== Available data ==
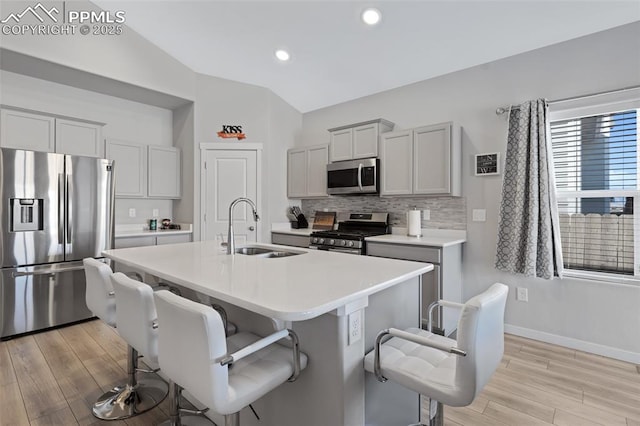 kitchen featuring sink, gray cabinetry, stainless steel appliances, a kitchen breakfast bar, and an island with sink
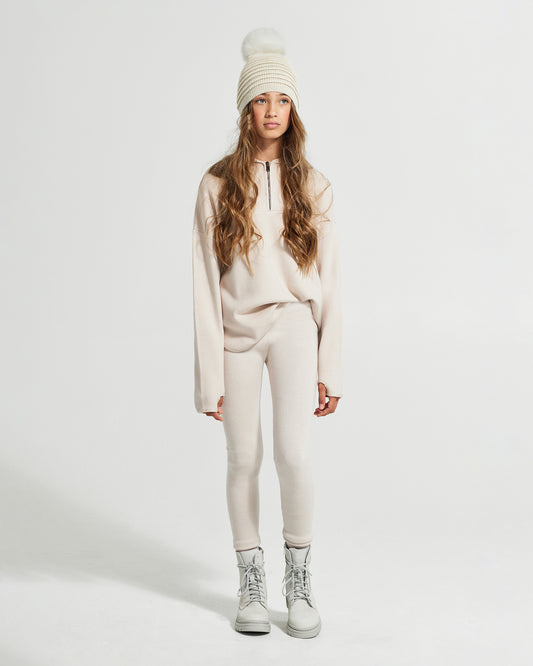 Sentaler Kids Ribbed Ivory Hat with Fur Pompon (6-14 Years) in Baby Alpaca yarn. Seen from front on girl model.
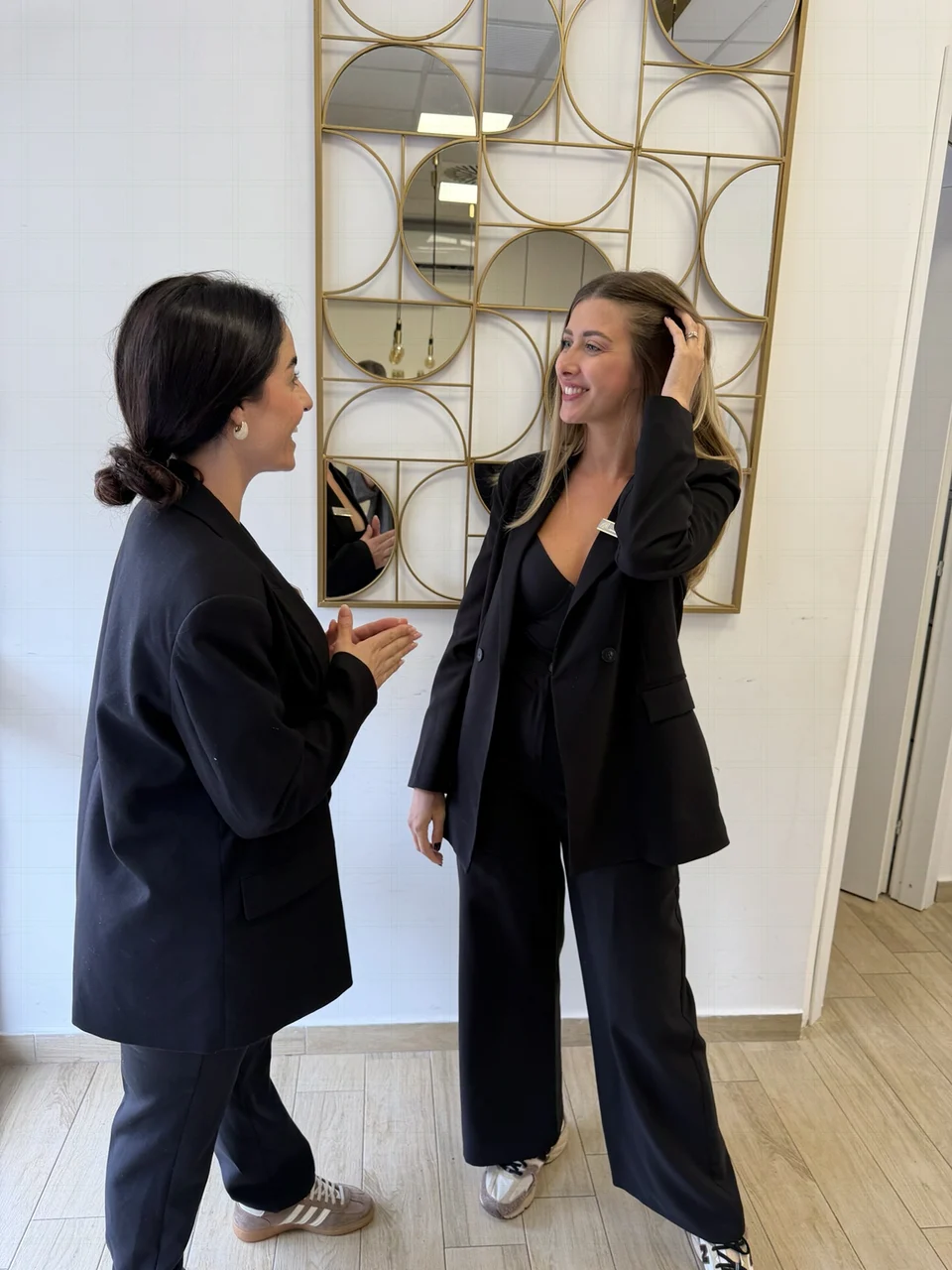 Giada e Luana insieme in abiti neri, sorridenti davanti allo specchio geometrico dorato del centro GL
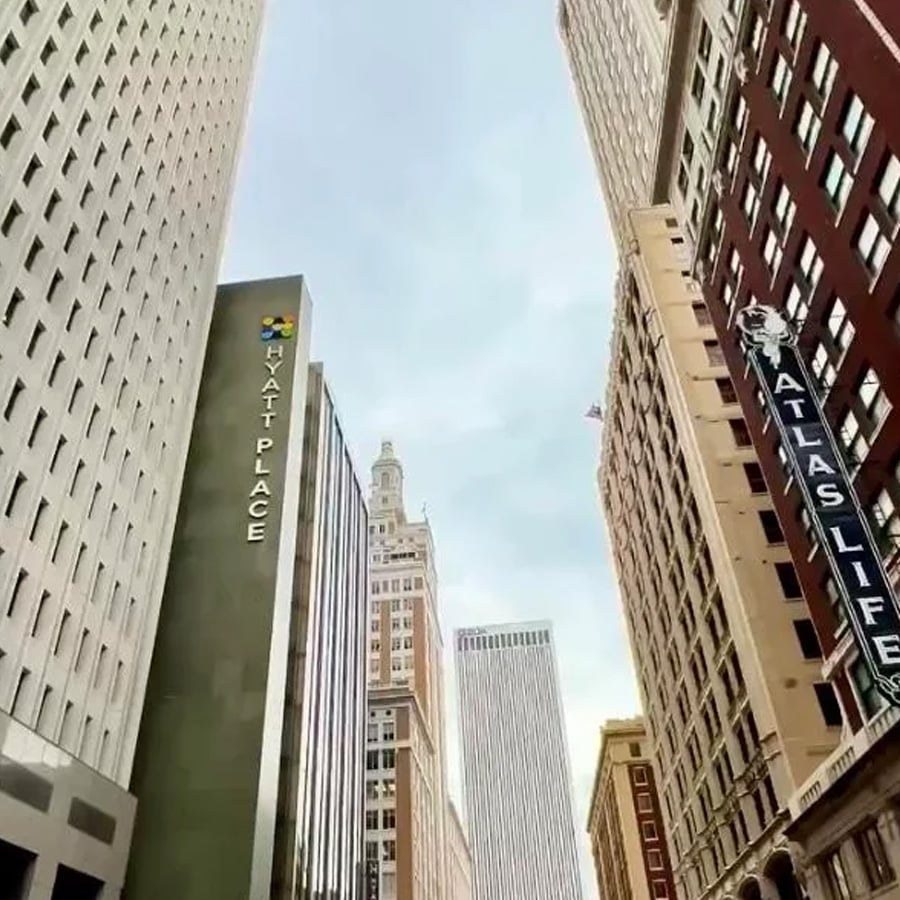Tall buildings stand close together on a city street, with signs for “Hyatt Place” and “Atlas Life.” The sky is mostly clear with some clouds.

== Problem to work on ==
Would you please reproduce verbatim the run of lines that opens the listing and ends with the line holding "Sentaler Kids Ribbed", and only that run, leaving every picture out?

== Your response ==
 kitchen featuring sink, gray cabinetry, stainless steel appliances, a kitchen breakfast bar, and an island with sink
 Sentaler Kids Ribbed Ivory Hat with Fur Pompon (6-14 Years) in Baby Alpaca yarn. Seen from front on girl model.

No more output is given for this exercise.